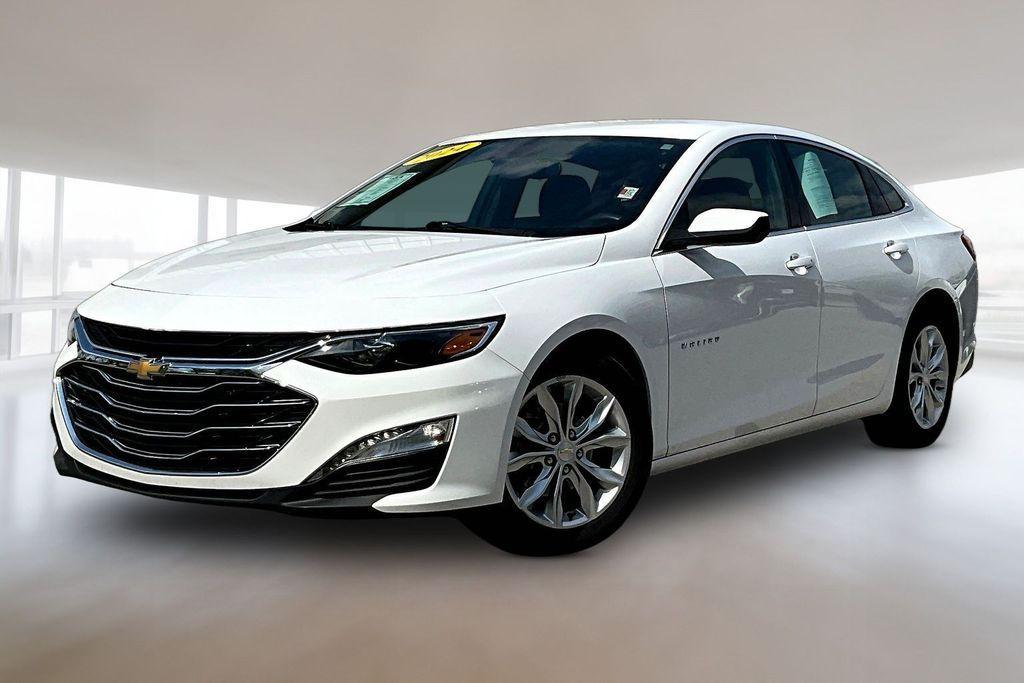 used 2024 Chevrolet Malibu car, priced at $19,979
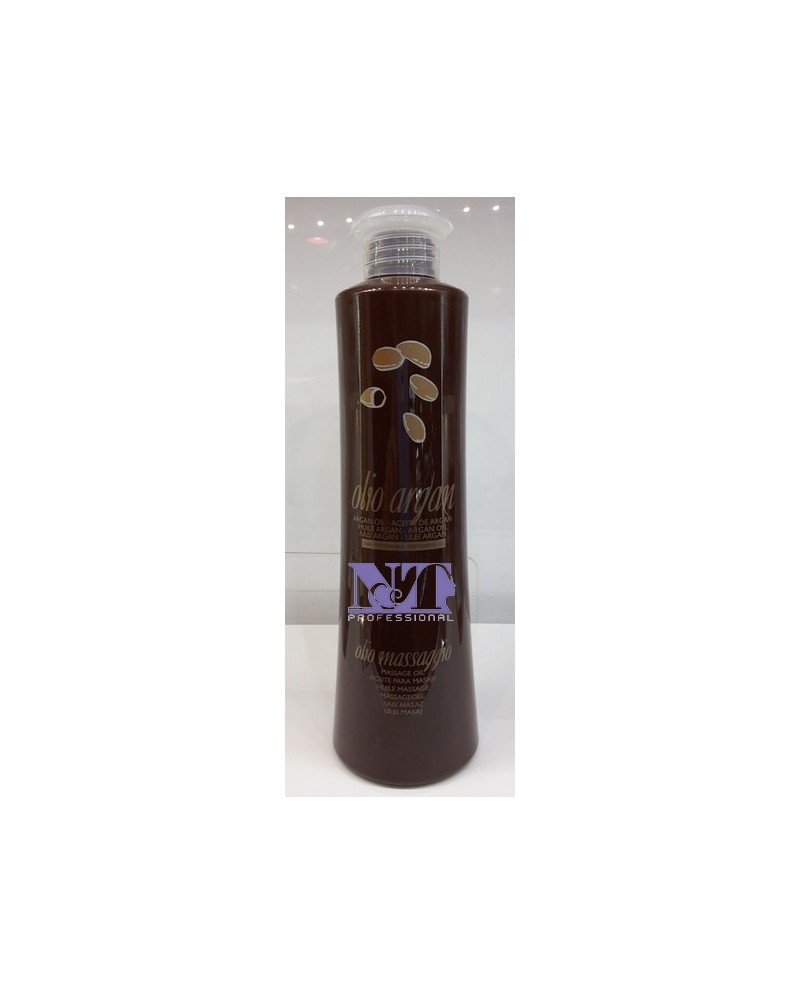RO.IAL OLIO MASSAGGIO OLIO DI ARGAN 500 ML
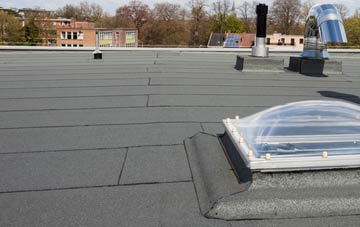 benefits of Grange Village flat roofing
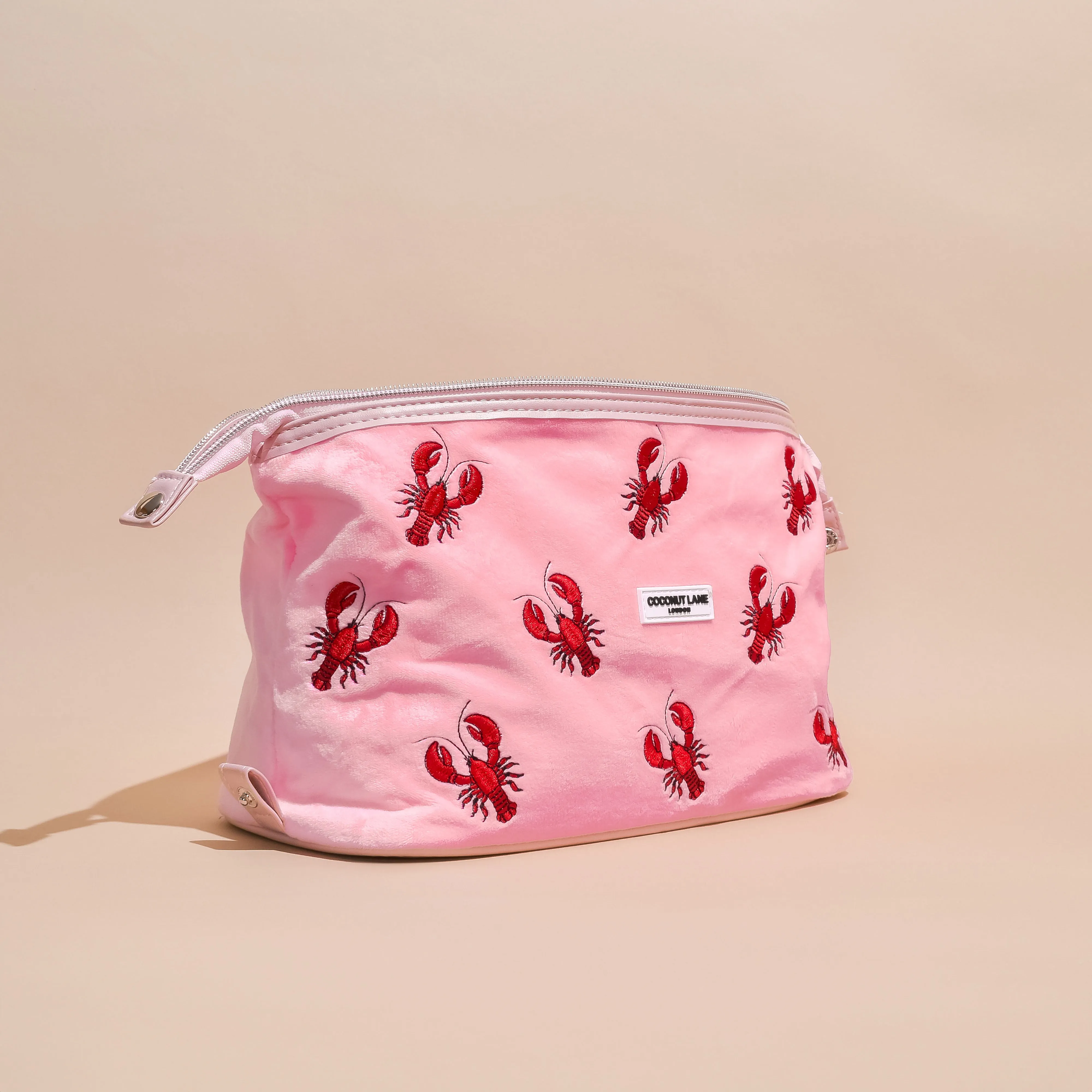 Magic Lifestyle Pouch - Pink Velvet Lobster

# # # # #

# YOUR GOAL
Lines from the one that contains "RO.IAL OLIO MASSAGGIO OLIO DI ARGAN 500 ML" to the final line of the material are the whole answer. Reproduce them word for word and skip the pictures.

# FINISHED TASK
RO.IAL OLIO MASSAGGIO OLIO DI ARGAN 500 ML
 benefits of Grange Village flat roofing
 Magic Lifestyle Pouch - Pink Velvet Lobster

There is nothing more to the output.